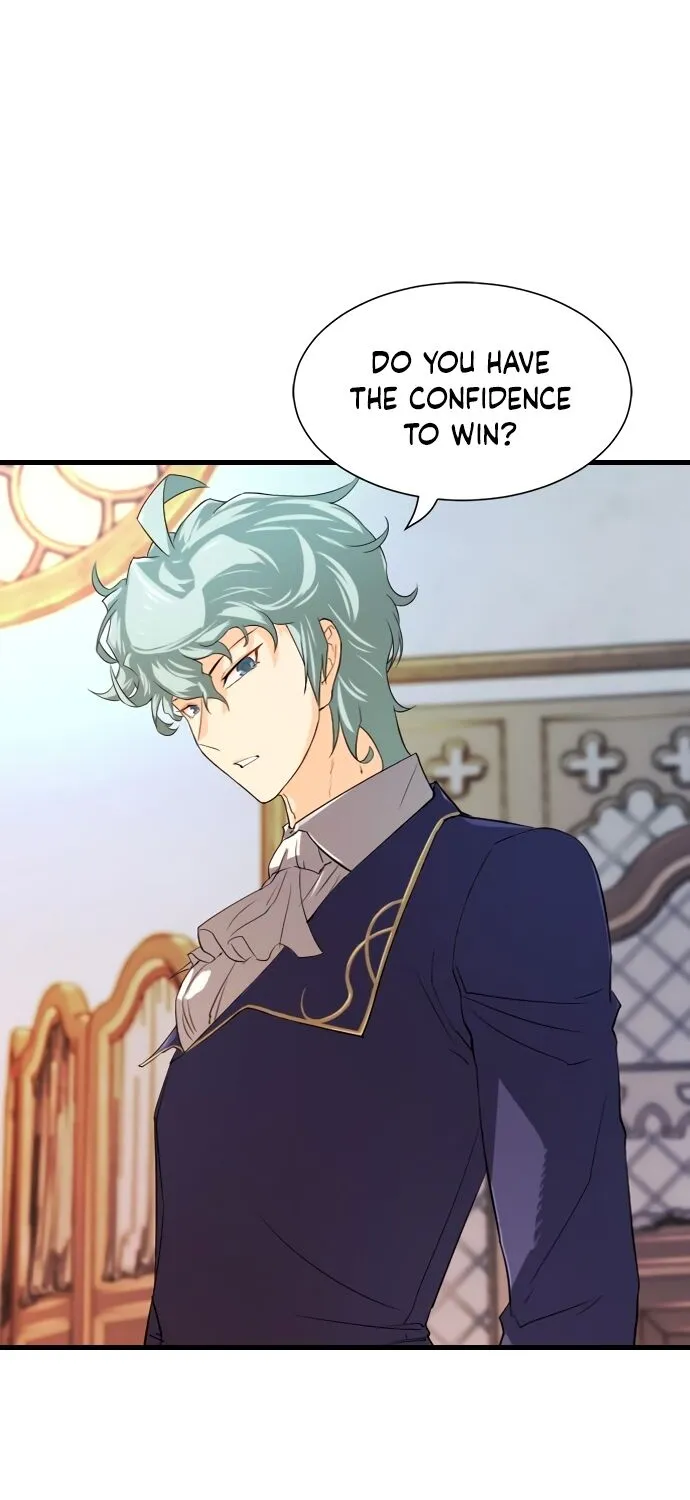 The Greatest Estate Designer Mangakakalot X Chapter 5.1 Page 3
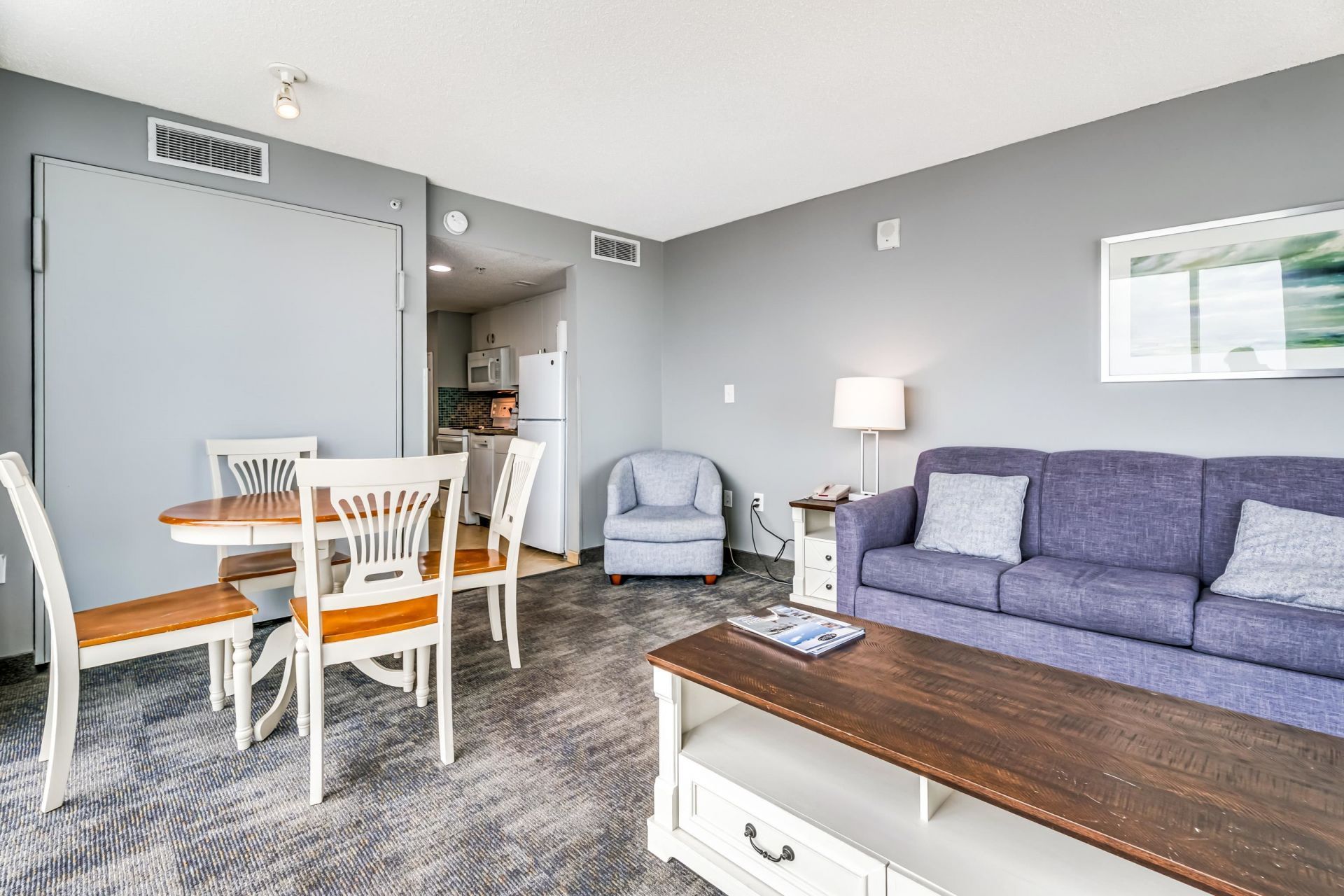 300 N Ocean Blvd. Photo 26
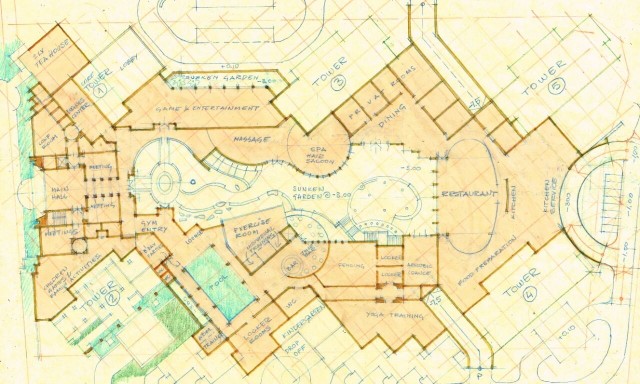 微信图片_2026-01-28_110327_725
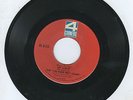 RARE MOD 60'S PSYCH   THE 
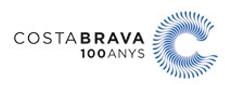 COSTA BRAVA 100anys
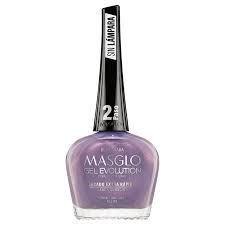 ESMALTE GEL EVOLUTION DESPIADADA 13.5ML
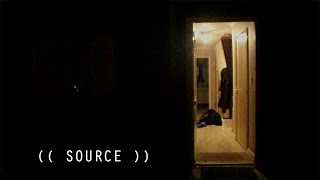 Fever the Ghost - (( SOURCE )) (unofficial music video)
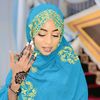 yamiin5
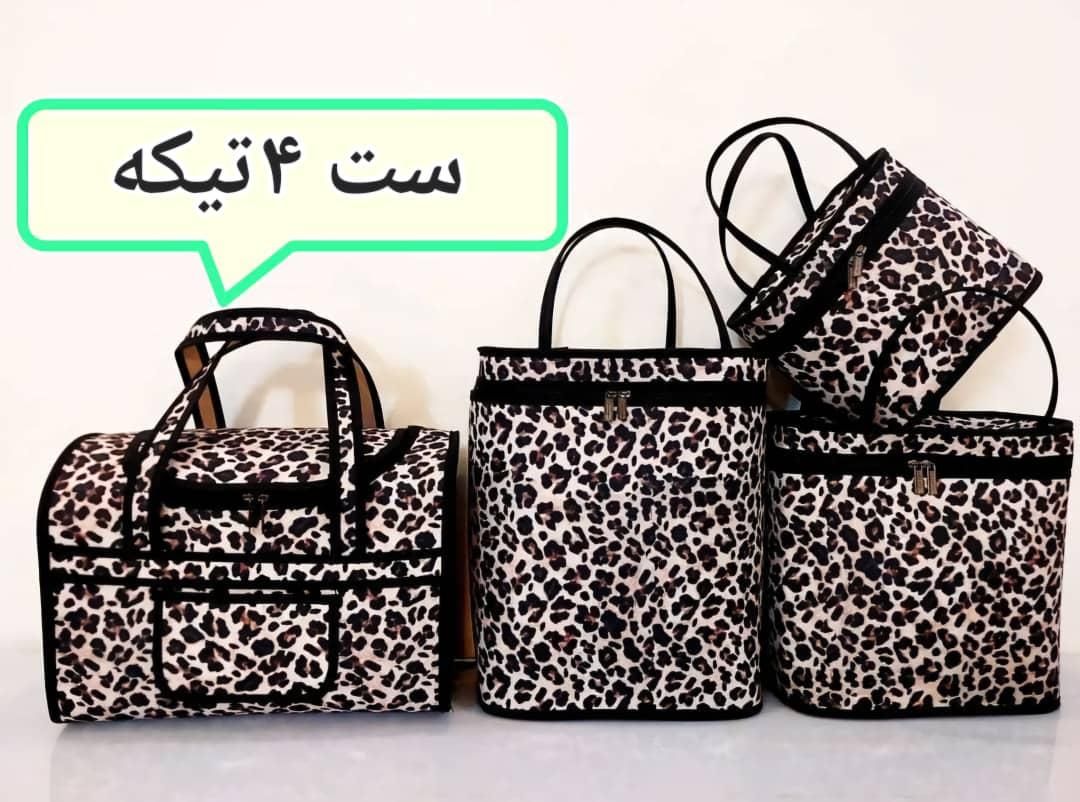انواع باکس ،کاور کرپ جاجیم|گلیم، جاجیم، گبه|اهواز, نادری|دیوار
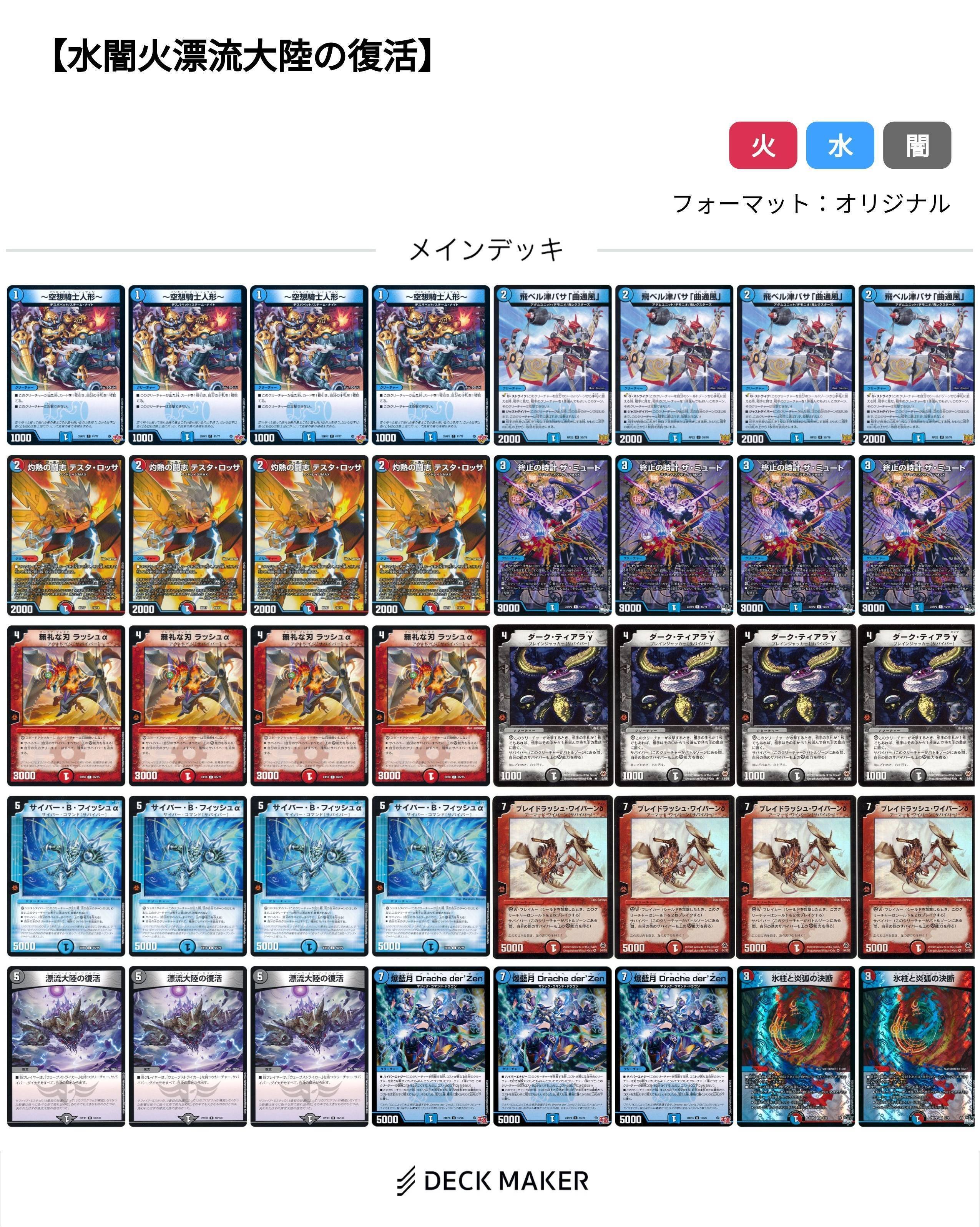 サバイバーでサイバーに勝つために！トリガー対策に秘策アリ！？【2025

_Activity_:
Every line of the data should be copied as it stands, without the images.

_Response area_:
 The Greatest Estate Designer Mangakakalot X Chapter 5.1 Page 3
 300 N Ocean Blvd. Photo 26
 微信图片_2026-01-28_110327_725
 RARE MOD 60'S PSYCH   THE 
 COSTA BRAVA 100anys
 ESMALTE GEL EVOLUTION DESPIADADA 13.5ML
 Fever the Ghost - (( SOURCE )) (unofficial music video)
 yamiin5
انواع باکس ،کاور کرپ جاجیم|گلیم، جاجیم، گبه|اهواز, نادری|دیوار
 サバイバーでサイバーに勝つために！トリガー対策に秘策アリ！？【2025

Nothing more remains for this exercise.